Many science and engineering students struggle to understand the unique and specific requirements for report writing in their discipline.

Enter WRISE, a student-centred website created by the University of Sydney and the University of New South Wales as part of an ALTC-funded project. The site went live on the first day of first semester this year and is already being used by people as far afield as South America, the US, UK, New Zealand, China and Taiwan.

Project manager Helen Drury from the University of Sydney’s Learning Centre says, 10 years ago the centre found that science and engineering students were unable to attend learning support courses due to their long laboratory times. To address this individual programs within discipline areas have been created that integrate with coursework.

A decade on, WRISE, which stands for ‘write reports in science and engineering’, is an online approach to providing more in-depth support for scientific writing.
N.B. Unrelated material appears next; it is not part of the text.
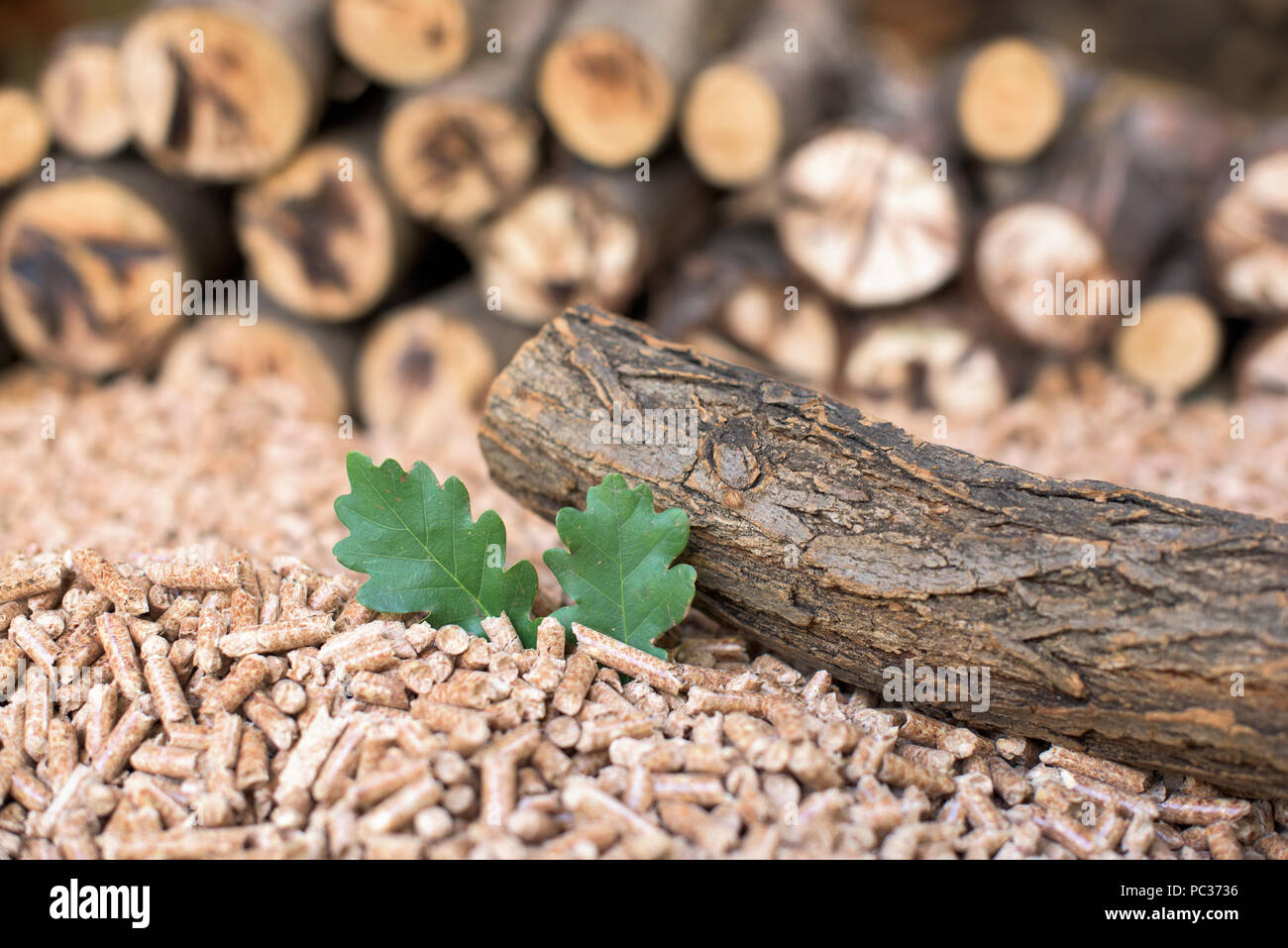 Pila di biomassa di quercia - agglomerati in forma di pellets di legno, leaf Foto Stock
It is the result of a collaboration between a wide range of specialists in language and academic skills, subject specialists, elearning developers and students.

Ms Drury says the strength of the relationship developed between the Learning Centre and discipline lecturers over the last 10 years, made WRISE possible.
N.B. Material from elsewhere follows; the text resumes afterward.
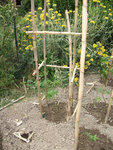 DSCF1151.jpg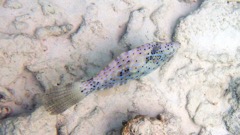 Scrawled Filefish (24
The site brings together learning resources for both language and content organised into nine discipline modules. It uses interactive explanations, example reports and exercises based on authentic student writing to provide help for report writing and understanding content.

Student volunteers also provided crucial input into the design of the site.

“It is critical to involve [students] in the development phase because in an online environment like this, unlike a face-to-face situation, it is hard to monitor how they are understanding what’s on the screen, is it is making sense, are they learning from it,” says Ms Drury.

Feedback from students has been gathered via site-tracking software and a paper-based questionnaire as it is often difficult to get students to fill in an online survey. Ms Drury and her colleagues went to labs to talk to students individually before leaving them with the questionnaire.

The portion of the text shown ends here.